Strazdas s’enfonça une phalange dans la bouche et la mordit, fort. La douleur entra en lutte contre les brumes de son esprit, mais ne parvint pas à les dissiper. Il serra les mâchoires, sentit une texture tendineuse entre ses dents. Le brouillard s’éclaircit. Inspirant profondément par le nez, il ressortit sa phalange striée d’entailles rouge vif et la frotta contre sa cuisse.

« Vous êtes sûr qu’on vous la confiera ? demanda-t-il.

— Oui, bientôt, répondit la voix. Pour l’instant, elle est soignée, mais l’hôpital ne tardera pas à la relâcher. Il faudra bien qu’elle aille quelque part, et toutes les agences qui s’occupent de ces gens-là sont fermées pendant les fêtes. De toute façon, elle est témoin d’un meurtre au moins, peut-être coupable d’un autre. Elle ne peut atterrir que dans un commissariat. Le mien. Je réglerai son affaire. Ne vous inquiétez pas.

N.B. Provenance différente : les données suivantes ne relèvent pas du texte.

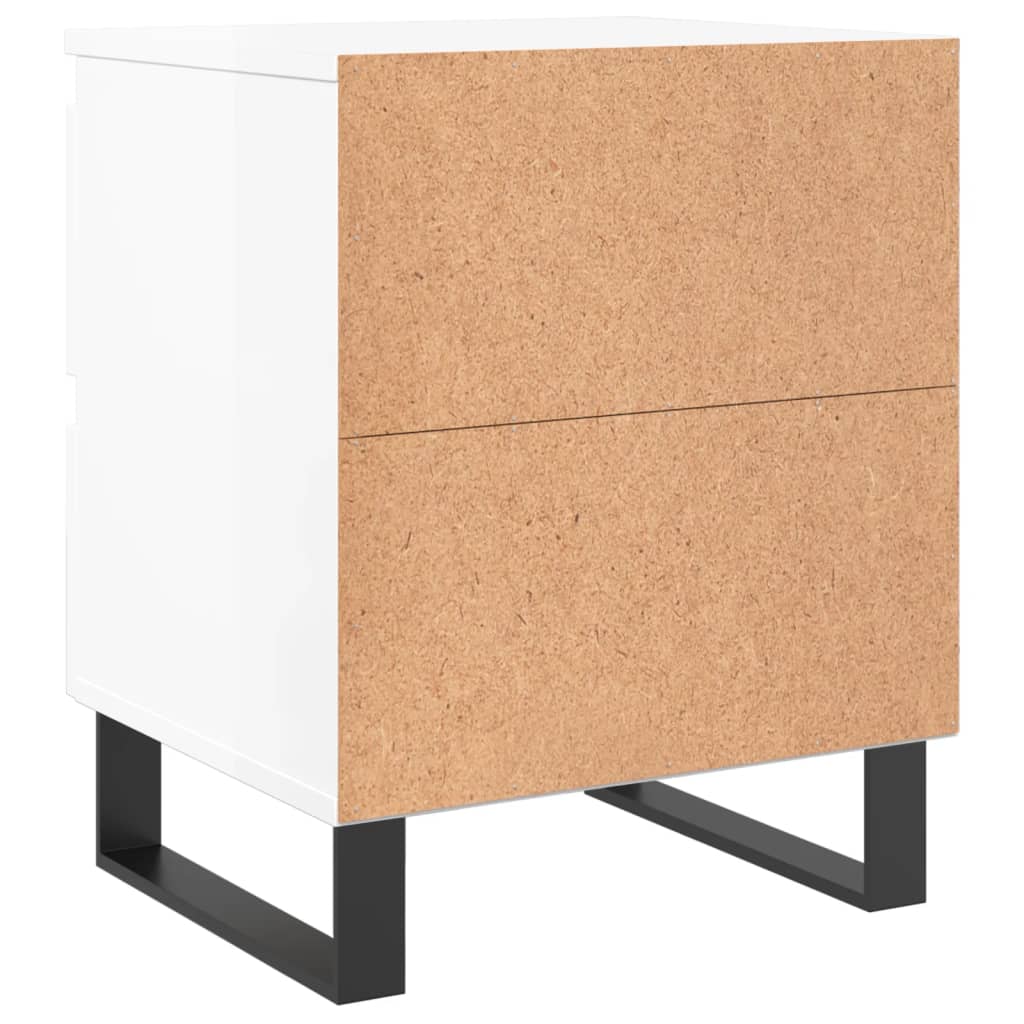 Tables de chevet 2 pcs blanc brillant 40x35x50 cm - XIOS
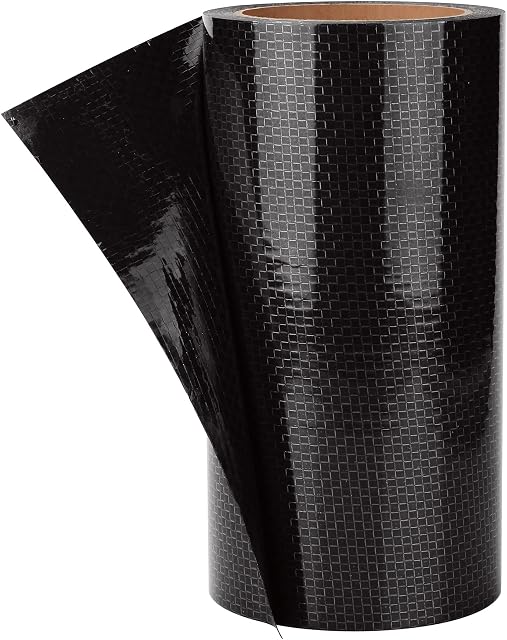 Rvhouse Underbelly RV Tape 8 x 33Ft Premium Belly Material Waterproof Wearing Resistant Repair Fabric Tape for Belly Tears Holes Cuts of Motorhome Trailer RV Camper (UT20310B1)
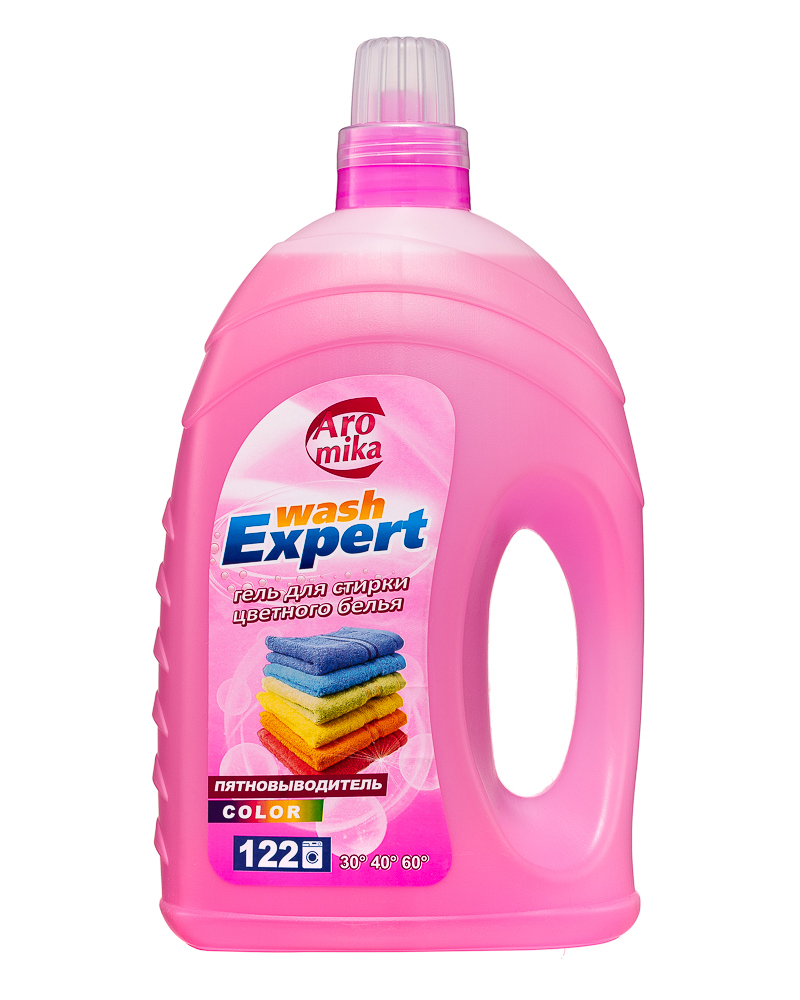 Изображение товара Гель для стирки цветного белья Аромика Wash Expert Color 4.3 л Изображение товара Гель для стирки цветного белья Аромика Wash Expert Color 4.3 л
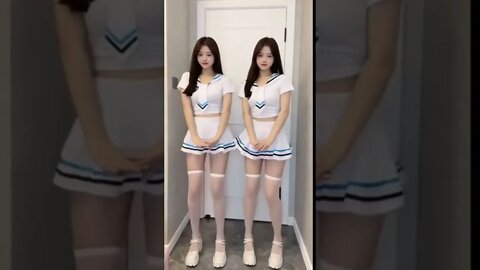 Twin Chinese Girls Love To Dance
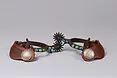 Old Navajo Style Spurs with Turquoise Mounted on Heel Band and Shank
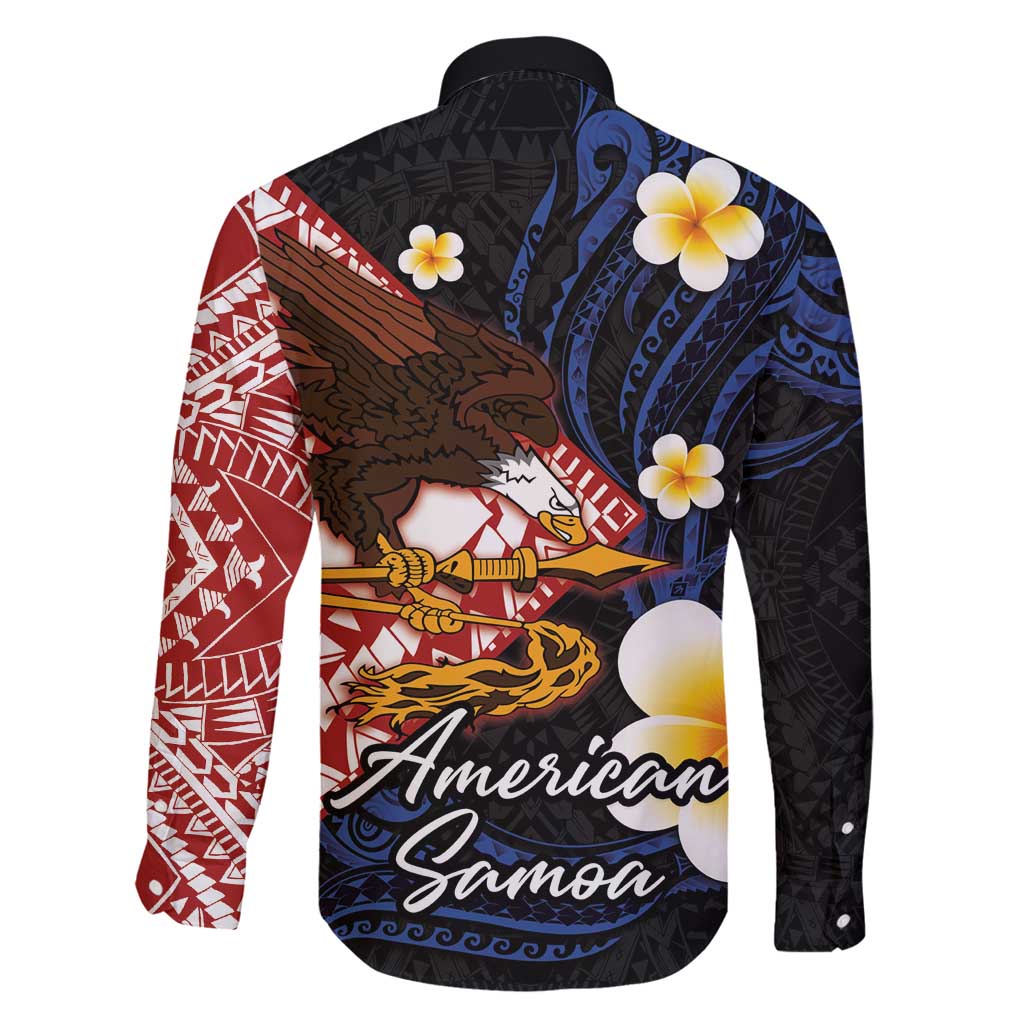 American Samoa Flag Day Family Matching Summer Maxi Dress and Hawaiian Shirt Polynesian Tatau Art and Plumeria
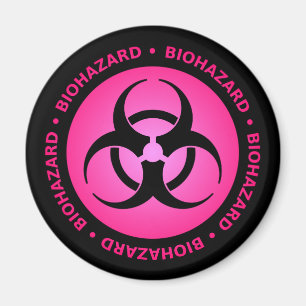 Rosa Biogefährdung Magnet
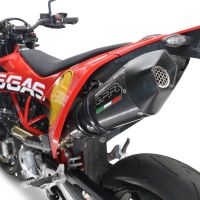 Escape compatible con Gas Gas SM 700 2023-2024, Gpe Ann. Poppy, Escape homologaedo, legal para mercados fuera de la UE, incluido tubo de enlace y db killer extraíble 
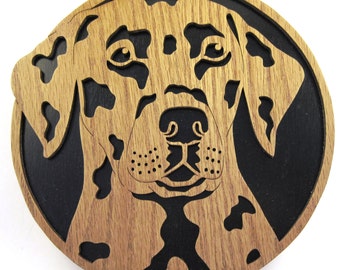 Tenture murale de chien dalmatien, scie à chantourner coupe, chantournage, décor à la maison, travail du bois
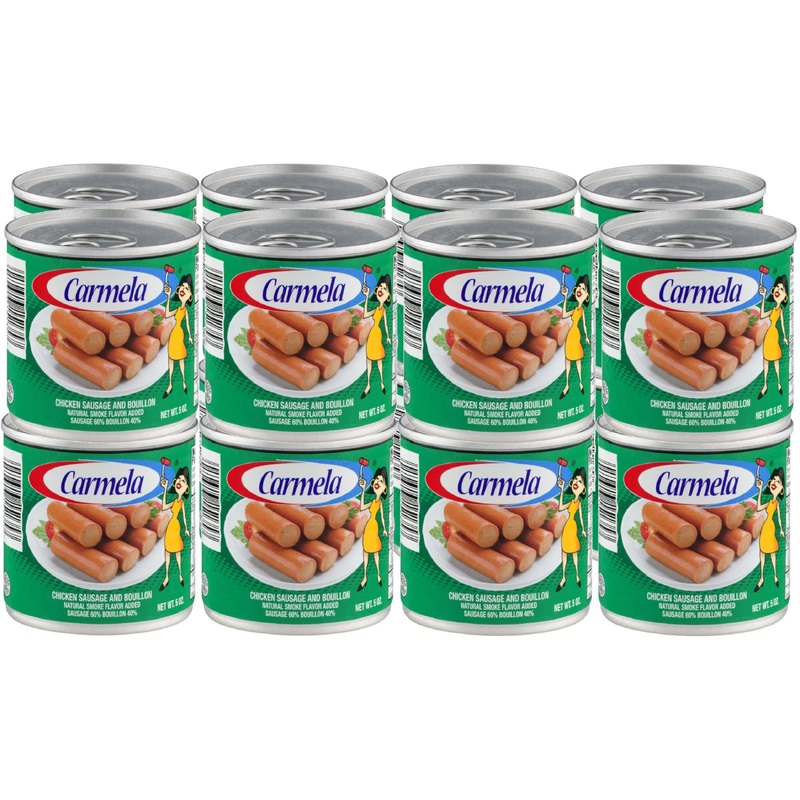 Carmela Chicken Sausage And Bouillon, Natural Smoke Flavor, 5 Oz (Pack Of 16)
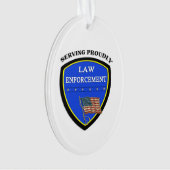 Wetshandhaving Christmas Police Ornament (voorkant)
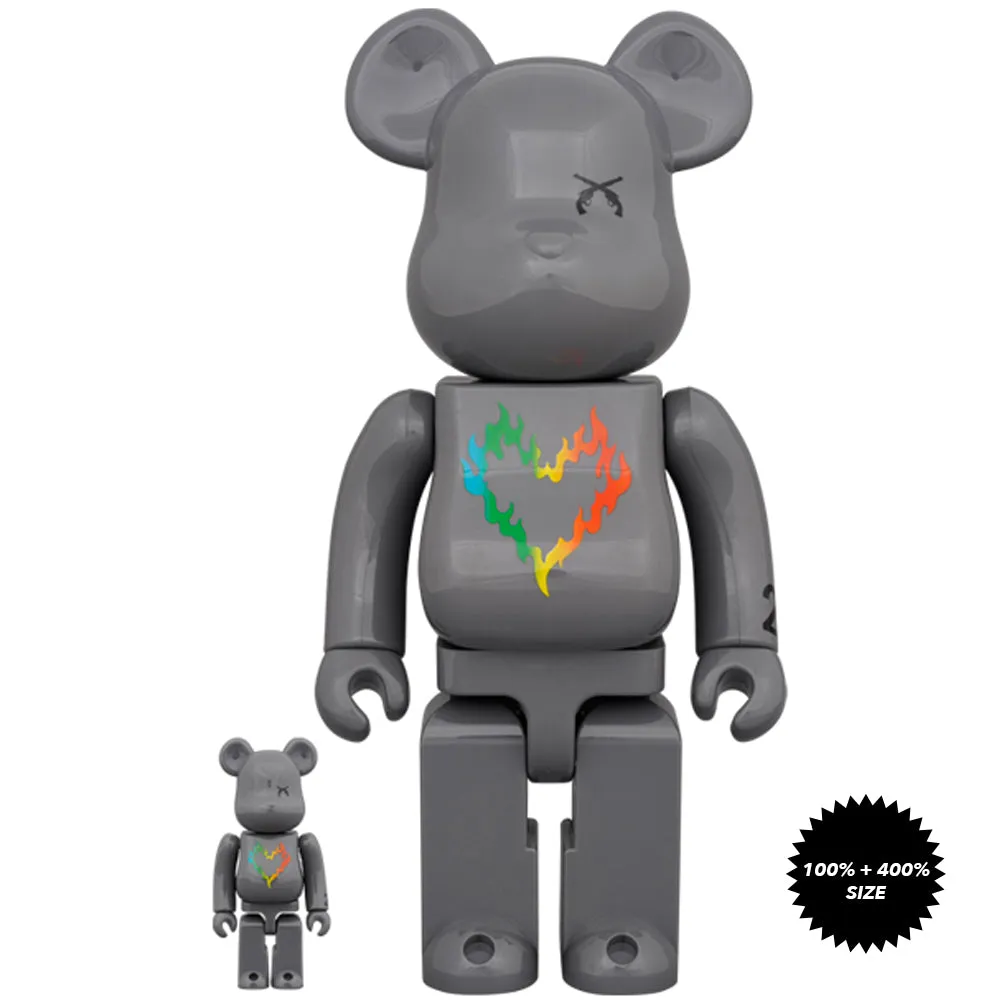 roarguns 20th Anniversary 100%   400% Bearbrick Set by Medicom Toy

— Merci, dit Strazdas. Ma mère vous remercie.

— Juste une chose, reprit la voix. On sait que votre chauffeur est votre associé. Préparez-vous à subir un interrogatoire. Sauf si vous quittez le pays.

— Si je quitte…

— Retournez à Bruxelles. Vous ne trouverez pas de vol avant le 26 décembre, mais si vous passez la frontière, vous serez tranquille jusque-là.

— Je veux rester, dit Strazdas. Je ne peux pas rentrer à Bruxelles avant que tout soit terminé avec la pute.

— Pourquoi ? »

Strazdas pensa aux yeux durs de sa mère, à ses mains impitoyables. « Je ne peux pas, c’est tout.